Turkey banishes financing flops to privatise final power grids

By bne IntelliNews March 18, 2013

bne -

Extending its recent renewed success in selling off infrastructure, Turkey raised $3.46bn on March 15 as it sold its final four power grids. Previous auctions have broken down at this point as buyers failed to find the cash; this time around, if anyone, it's more likely that the seller could pull the deal.

Ankara announced that following several hours of bidding on the assets, it has now completed privatisation auctions for all of the country's power grids. All of distribution companies were previously sold in 2010, only for the buyers to back out after failing to secure funding for the deals. However, improved financing conditions have boosted Turkey's privatisation efforts recently, with the sales following closely in the wake of approval from Ankara for deals on another three grids, as well as a gas distributor.

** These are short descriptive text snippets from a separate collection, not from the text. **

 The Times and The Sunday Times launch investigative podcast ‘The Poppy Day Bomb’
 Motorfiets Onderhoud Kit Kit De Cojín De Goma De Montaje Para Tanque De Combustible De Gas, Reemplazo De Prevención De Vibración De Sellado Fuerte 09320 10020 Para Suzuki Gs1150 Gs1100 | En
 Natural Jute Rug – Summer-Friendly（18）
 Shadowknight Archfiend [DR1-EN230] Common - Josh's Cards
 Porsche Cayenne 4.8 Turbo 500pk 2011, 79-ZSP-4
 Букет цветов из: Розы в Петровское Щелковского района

Enerjisa, a joint venture between Turkey's Sabanci and Germany's E.ON bought two of the grids - Toroslar in the south of the country for $1.7bn and the Ayedas power grid, covering the Anatolian side of Istanbul, for $1.2bn. The company - in which E.ON bought its stake in late 2012 as part of its drive to concentrate on major emerging markets - already owns Baskent EDAS, which distributes power in Ankara, and now holds close to the 30% maximum share any individual company can hold in the Turkish power distribution sector, reports the Financial Times.

While the prices of the other two assets winners were far lower, the sales appear highly significant for other reasons. Set in the areas of the country affected most heavily by the ongoing peace process being pushed between Ankara and Kurdish insurgents, in contrast to the Enerjisa acquisitions, both assets attracted higher bids than two years ago. Turkerler Insaat will pay $118m for the Vangolu network in the east of the country, while the Iskaya-Dogu consortium will hand over $387m for the Dicle network in the southeast.

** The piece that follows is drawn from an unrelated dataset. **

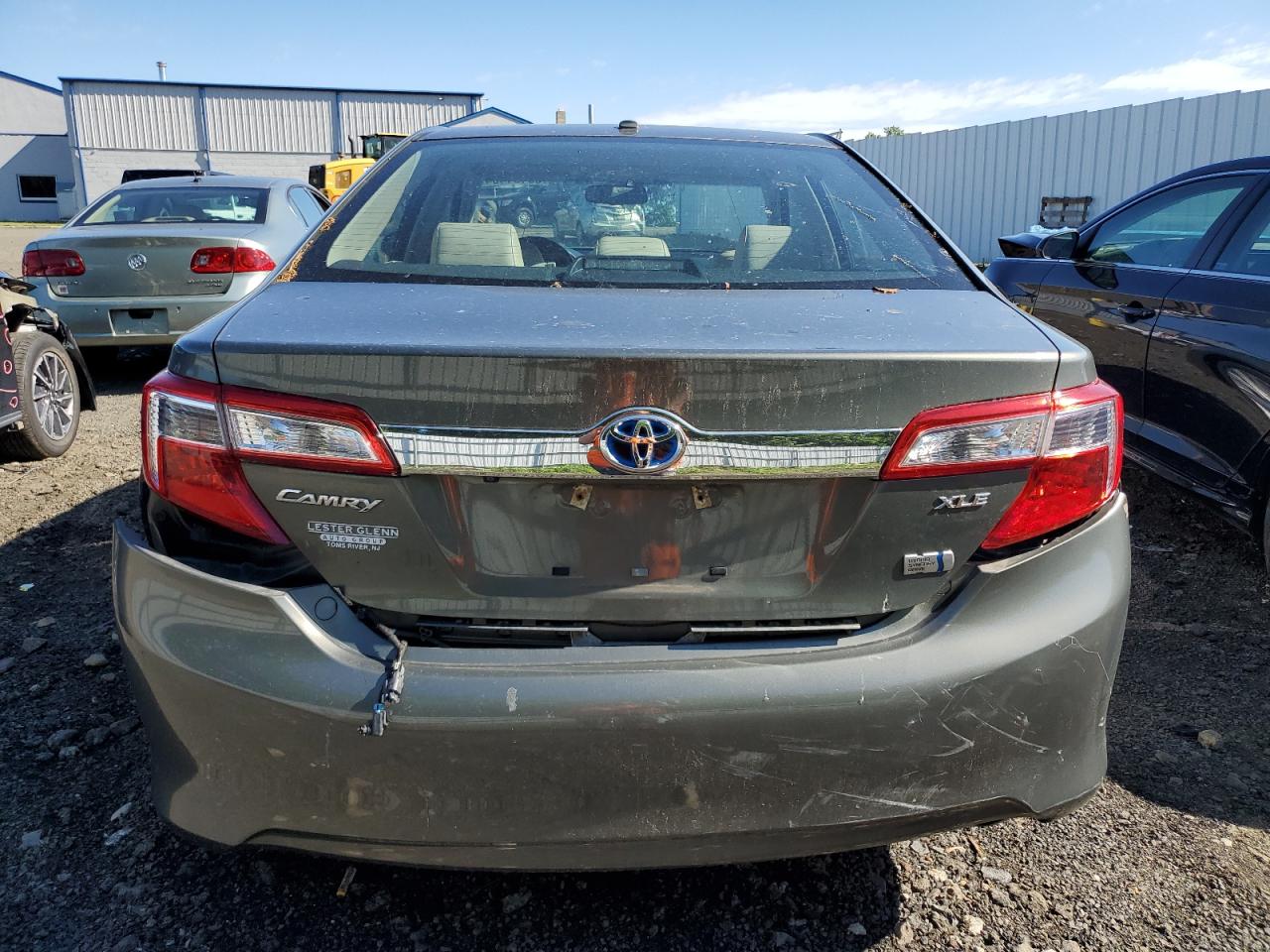 4T1BD1FK2CU051696 2012 Toyota Camry Hybrid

The auction comes in the wake of Turkish approval of the sale of the Ankara gas distribution company Baskent Gaz to Torunlar Gida for $1.2bn and the sale of three other regional power distributors - Bogazici EDAS, Akdeniz EDAS, Gediz EDAS and Aras EDAS - for a total of $3.9bn. Altogether, the recent distribution grid sales bring total privatisation revenues so far in 2013 to $8.49bn; more than the $7.46bn combined revenue of the whole of the past three years, the FT points out.

That low-ball number is due to the financing problems buyers have met during the crisis. Having wrecked several deals, the issue has proved an obstacle to Turkey's bid to sell off infrastructure in particular. However, with the economy looking more stable through 2012 following the risk of overheating the previous year, and Turkey's sovereign rating having been boosted to investment grade by Fitch, deals are now going through.

In fact, with increased use of Islamic financing also helping to offset heavy dependence on European banks, it is the government - previously desperate just to find someone to take infrastructure projects off its hands - that has started pulling deals, insisting that it can do better. Reportedly on the back of direct orders from Prime Minister Tayyip Erdogan, Turkey pulled a $5.7bn deal struck in December for a package of toll roads and a pair of Istanbul bridges across the Bosporus.

The PM's claim that the price was too low will now be tested by a planned IPO for the road assets. Finance Minister Mehmet Simsek had also said in late February that the country's Privatisation Administration was also re-evaluating Torunlar Gida's purchase of the Baskent gas grid, as Ankara's confidence grows.